Explore text-to-audio models for creating music from scratch

news7f12/07/2022

1 1 minute read

Explore text-to-audio models for creating music from scratch

Text-to-audio model creating music from scratch #ASA183 — Algorithm for converting text prompts into audio. Credit: Zach Evans

Type a few words into the text-to-image model and you get a completely unique, uncannyally accurate photo. While the tool is fun to use, it also opens up many avenues of creative exploration and application, and provides workflow-enhancing tools for visual artists and filmmakers alike. cartoon. For musicians, sound designers, and other sound professionals, text-to-audio modeling will do the same thing.

As part of the 183rd Meeting of the Acoustical Society of America, Zach Evans, of AI Stabilization, presented progress towards this goal in his talk, “Samples of Musical Acoustics generated from generic text embeddings.”

“Text-to-image model uses deep neural network to generate original, novel images based on learned semantic correlations with text captions,” says Evans. modifying user-supplied images.”
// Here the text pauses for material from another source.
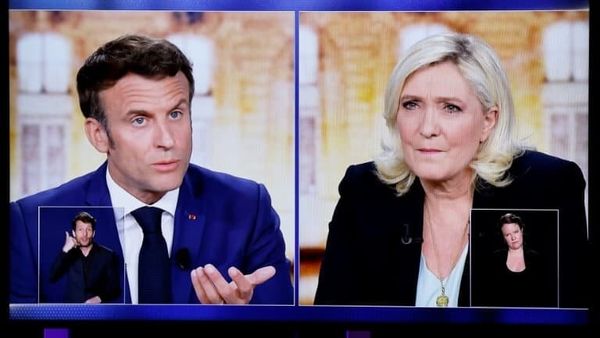 Marine Le Pen, porte-parole de la France des classes moyennes et populaires, traitée avec une grande condescendance par Emmanuel Macron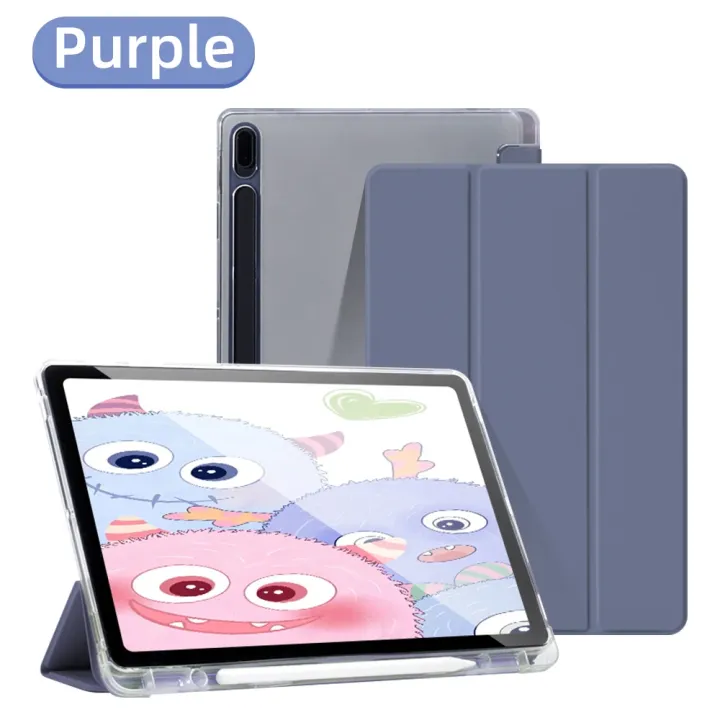 Case%20for%20%20%20Tab%20S9%20FE%2011%20S8%20S7%20Plus%20FE%2012.4in%20S6%20Lite%20Transparent%20Back%20Tablet%20Cover%20for%20Tab%20with%20Pencil%20Holder%20-%20Image%207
The text-to-audio model can do the same thing, but the end result is music. Among other applications, it can be used to create sound effects for video games or samples for music production.

But training these deep learning models is more difficult than their visual models.

“One of the main challenges when training a text-to-audio model is finding a large enough dataset of text-aligned audio to train,” says Evans. “Outside of speech data, the research datasets available for text-aligned audio tend to be much smaller than those available for text-aligned images.”

Evans and his team, including Scott Hawley of Belmont University, soon succeeded in creating coherent and appropriate music and sound from the text. They used data compression methods to generate audio with reduced training time and improved output quality.

The researchers plan to expand to larger data sets and release their model as an open-source option for other researchers, developers, and audio professionals to use and improve.

More information:
Conference: acoustic alsociety.org/asa-meetings/

Provided by
Acoustical Society of America

quote: Exploring text-to-audio models for creating music from scratch (2022, December 7) retrieved December 7, 2022 from https://techxplore.com/news/2022-12-exploring -text-to-audio-music.html

This document is the subject for the collection of authors. Other than any fair dealing for private learning or research purposes, no part may be reproduced without written permission. The content provided is for informational purposes only.